The art that filled the depot was a woven and mixed media exhibit by artist Heather Togbetse that was open throughout the weekend. Heather's pieces were inspired by her grandmother's life in Parsons. Heather also drew inspiration from the history of slavery in Tucker County, and how her grandmother's life was influenced by the people and mountains around her. Heather's work was all hand crafted. Each piece of salvaged fabric was painstakingly cut and hand-stitched in place. The pieces ranged from a large quilt to several "pictures" with poems, and a family tree. Visitors were moved by Heather's ability to create scenes from fabric, as well as by the story she conveyed of struggle and triumph in her family's history.

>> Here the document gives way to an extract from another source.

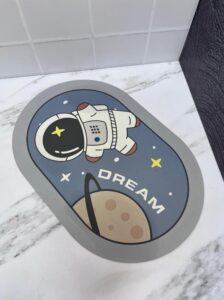 TPN014 Tapete antideslizante neopreno ovalado diferentes estampados.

While Heather's exhibit was up throughout the entire Memorial Day weekend, on Saturday it was accompanied by a woodworking fair. Three woodworkers from across the state, Richard Comer, Stan Jennings, and Greg Cartwright, showed off their craft and sold their wares. Richard displayed his handcrafted chests, sewing boxes, tables, and a beautiful porch swing. Greg's specialty was handmade pens created with wood from historic sites in the area. In Parsons, Greg gathered wood from the train depot, the old high school, the Tucker County Bank Building, and the old shoe factory. Our third woodworker, Stan Jennings from Allegheny Treenware, sold his wooden kitchen utensils. Stan also showed observers how to hand-whittle a spoon, even though most of his goods are now made by machine.
Between Heather's art and the goods made by Richard, Greg, and Stan, ArtSpring in Parsons brought over 85 visitors into the Train Depot. It was a huge success! We hope that we will be able to do even more next year!